* [TASK STATEMENT] What you give must be the lines from the one containing "5th image of 16096 E Highway 124" through the last line of the listing below, exactly, with nothing else and no pictures.
*** DATA TO PROCESS Section Begins ***
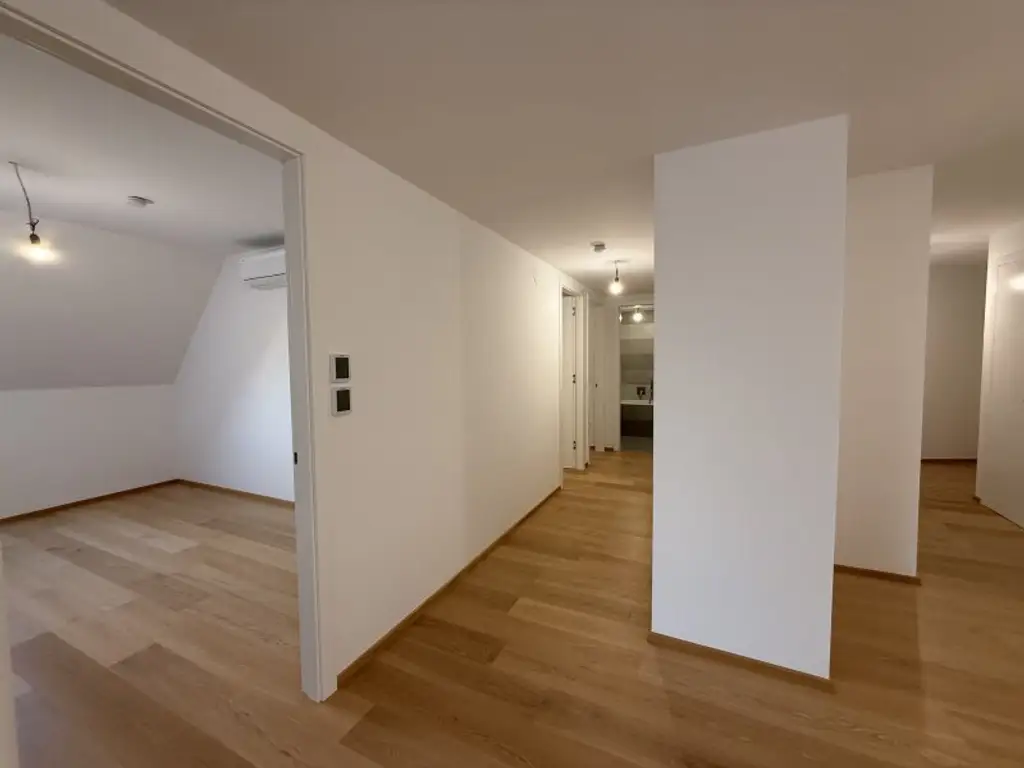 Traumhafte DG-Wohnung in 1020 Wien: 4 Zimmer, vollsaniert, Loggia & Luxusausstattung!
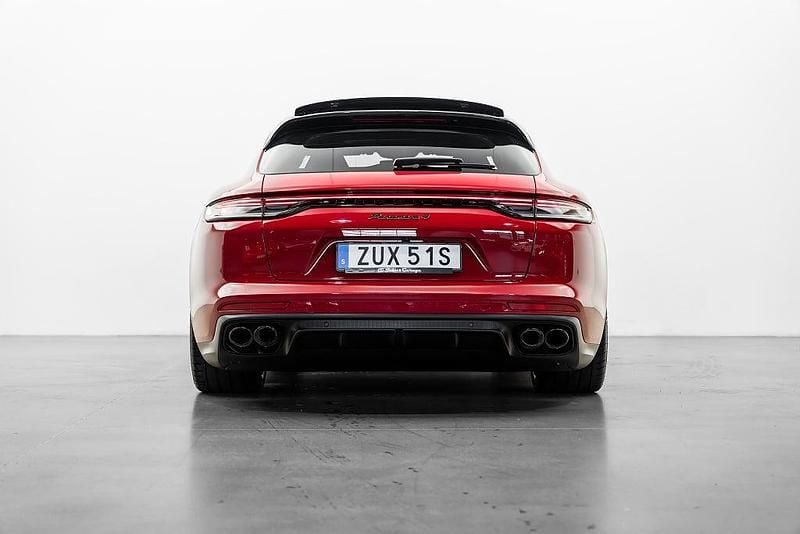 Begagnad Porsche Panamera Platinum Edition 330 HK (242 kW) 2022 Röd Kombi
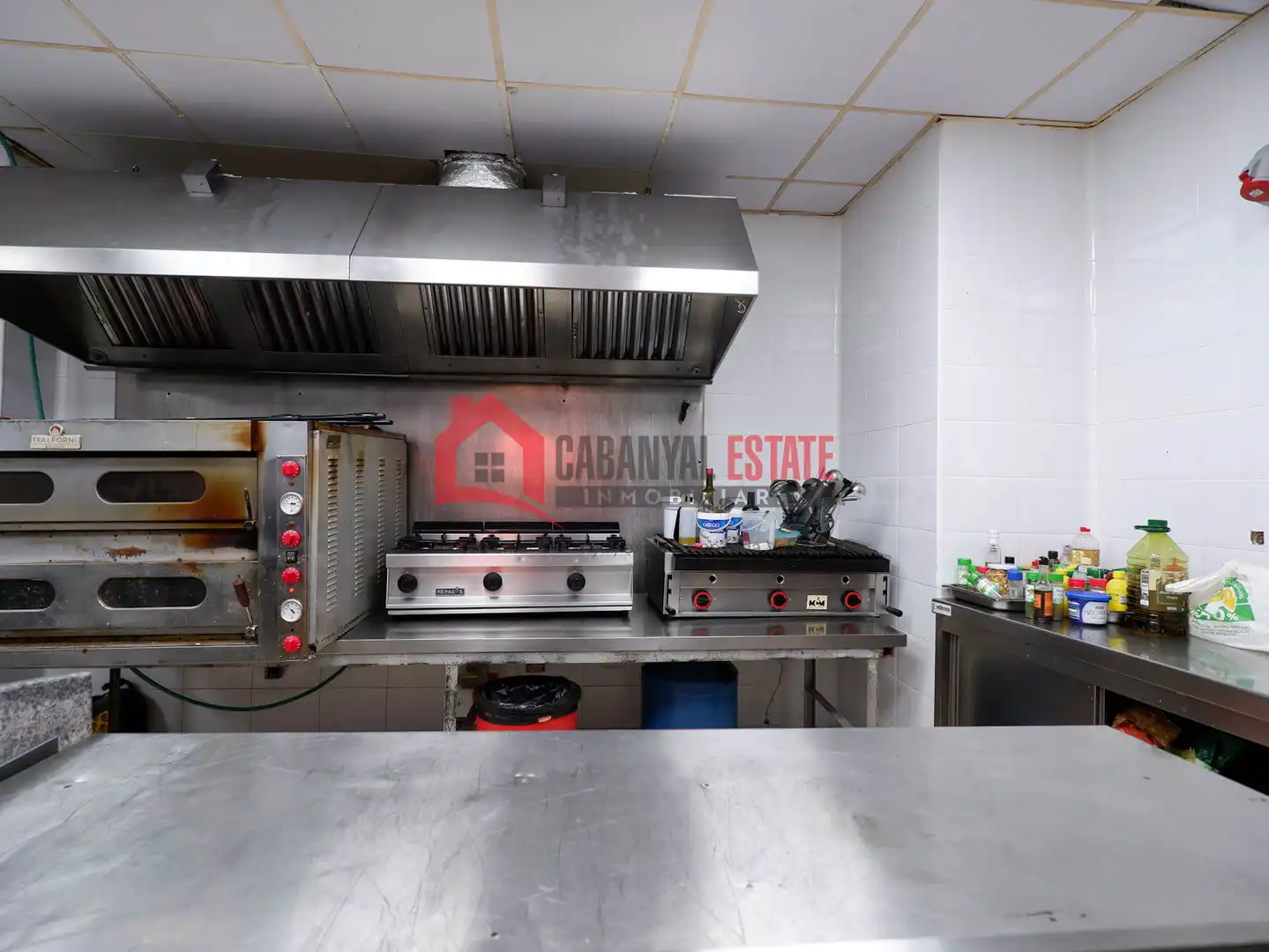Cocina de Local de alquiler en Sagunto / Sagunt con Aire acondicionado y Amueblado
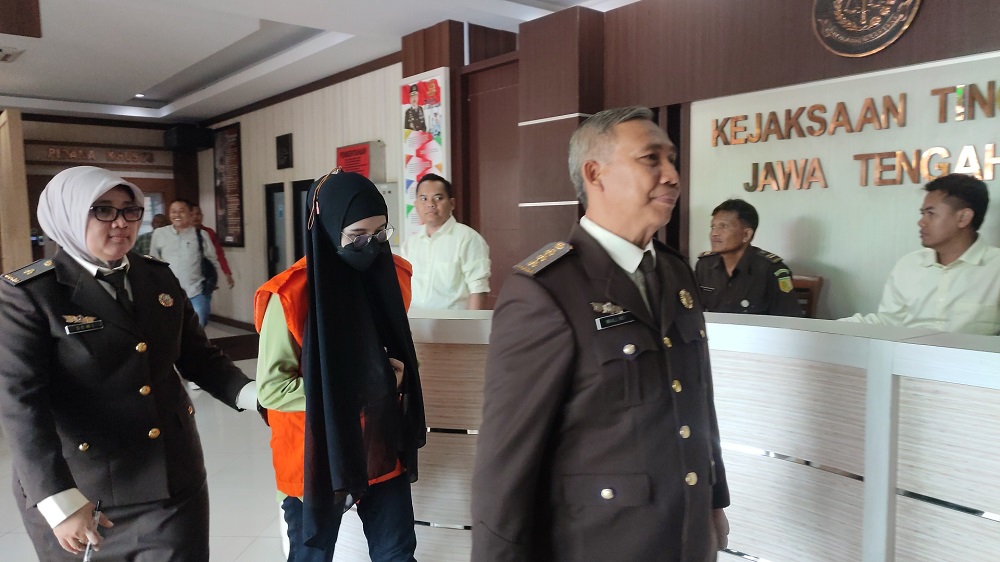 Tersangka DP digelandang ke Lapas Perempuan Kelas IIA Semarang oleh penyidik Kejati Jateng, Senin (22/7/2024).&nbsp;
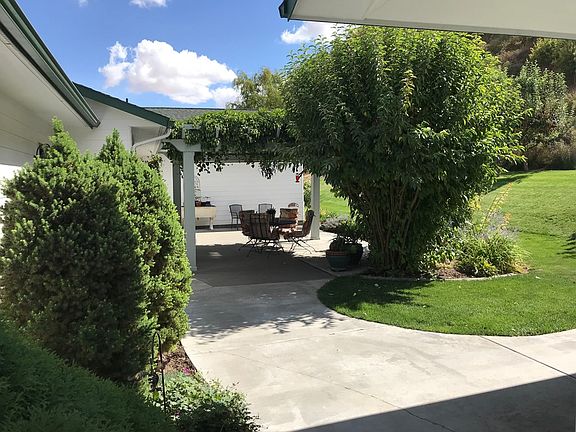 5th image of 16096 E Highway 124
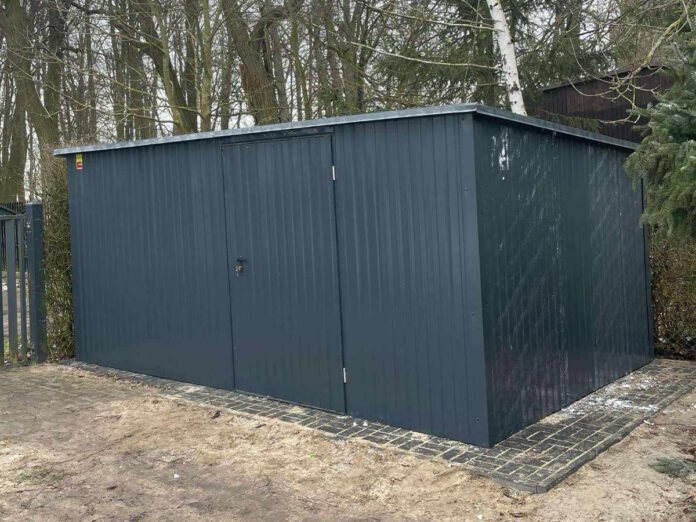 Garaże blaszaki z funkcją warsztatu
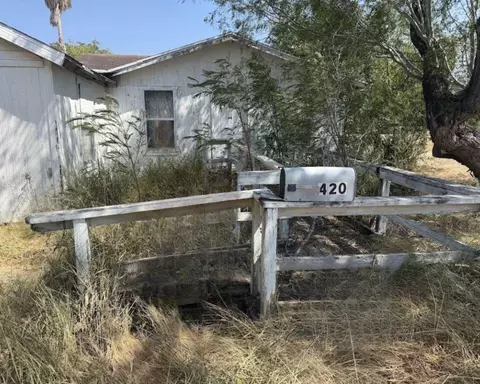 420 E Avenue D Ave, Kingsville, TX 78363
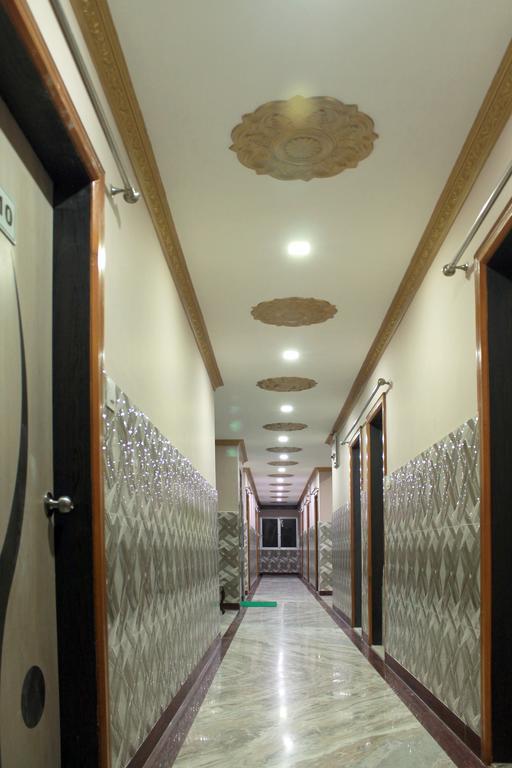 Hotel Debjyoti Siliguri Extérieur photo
*** DATA TO PROCESS Section Ends ***
* [RESPONSE TO THE TASK]
 5th image of 16096 E Highway 124
 Garaże blaszaki z funkcją warsztatu
 420 E Avenue D Ave, Kingsville, TX 78363
 Hotel Debjyoti Siliguri Extérieur photo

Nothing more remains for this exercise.